A story in IsraelNationalNews.com commenting on the appointment of Rahm Emanuel as President-Elect Obama’s chief of staff, and of Ron Klain as Vice President-Elect Biden’s chief of staff, leads with:

“Both appointees are Jewish, but while Emanuel is an observant Jew, Klain intermarried more than 20 years ago and his family observes Christmas.”

ronklain200This is the kind of careless comment, typical of Israeli journalists, that buys into the mistaken notion that a Jew who intermarries and whose family participates in Christmas celebrations is lost to Jewish life.
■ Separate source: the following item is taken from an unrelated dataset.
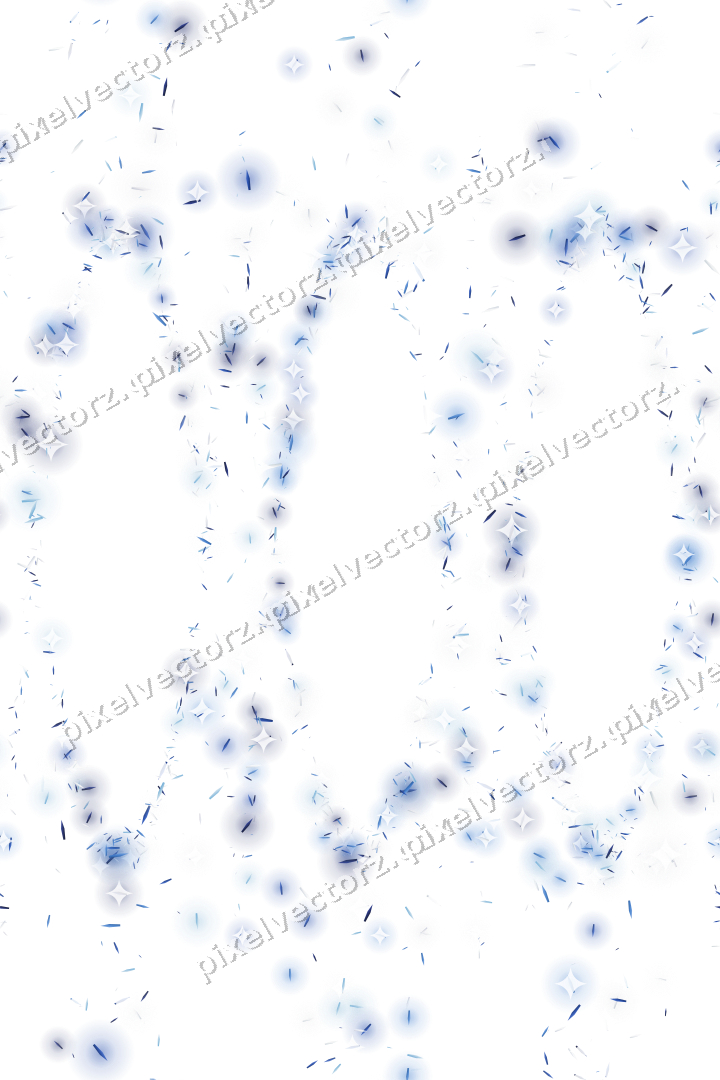 Nahtlose Glitzergirlande aus Splittern in Blau auf transparentem Grund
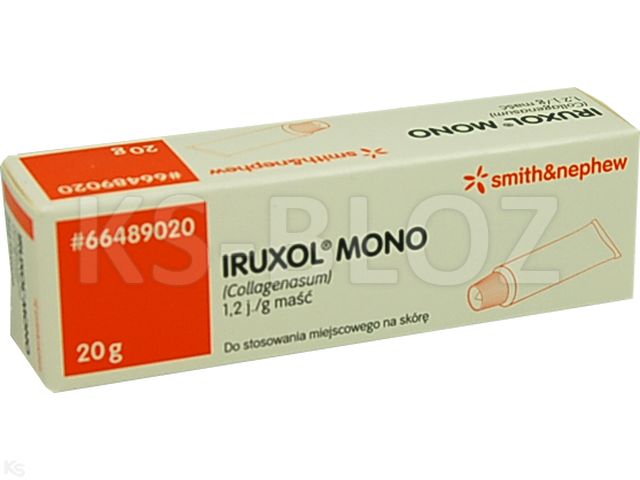 Iruxol Mono - ulotka (dawkowanie, zastosowanie, interakcje) - KtoMaLek.pl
The author, Tzvi Ben Gedalyahu, could have said: “Both appointees are Jewish. Emanuel is a traditionally observant Jew. Klain intermarried more than 20 years ago and his family observes Christmas, but he and his wife raised their children as Jews.”

The author knows this, because buried at the end of the article, he cites a New York Times article which states: “He is married to a non-Jew with an agreement that they celebrate Christmas but raise their children as Jews.”

For all we know, Klain and his family belong to a synagogue and send their children to Hebrew school. Their children may already have become, or plan to become, bar or bat mitzvah.

There are thousands and thousands of intermarried parents like that — who participate in Christmas celebrations and who are raising their children as Jews. Many of them belong to synagogues, send their children to Hebrew school, and have bar and bat mitzvahs, at rates comparable to Reform in-married parents, as Boston’s most recent demographic study reports.rahmemanuel200

At InterfaithFamily.com we are completing our fifth annual December holidays survey. Thousands of respondents over the years have told us that their Christmas celebration has no religious meaning for them, that it is a way of respecting the tradition of the non-Jewish parent without compromising the Jewish identity of their children. Jewish people celebrate Christmas with Christian friends and relatives as a gesture of connection, not denial of Jewish identity.

The Jewish community ought to be just as proud of the appointment of Klain as it is of Emanuel, and not create artificial distance between Klain and the community because of his marriage.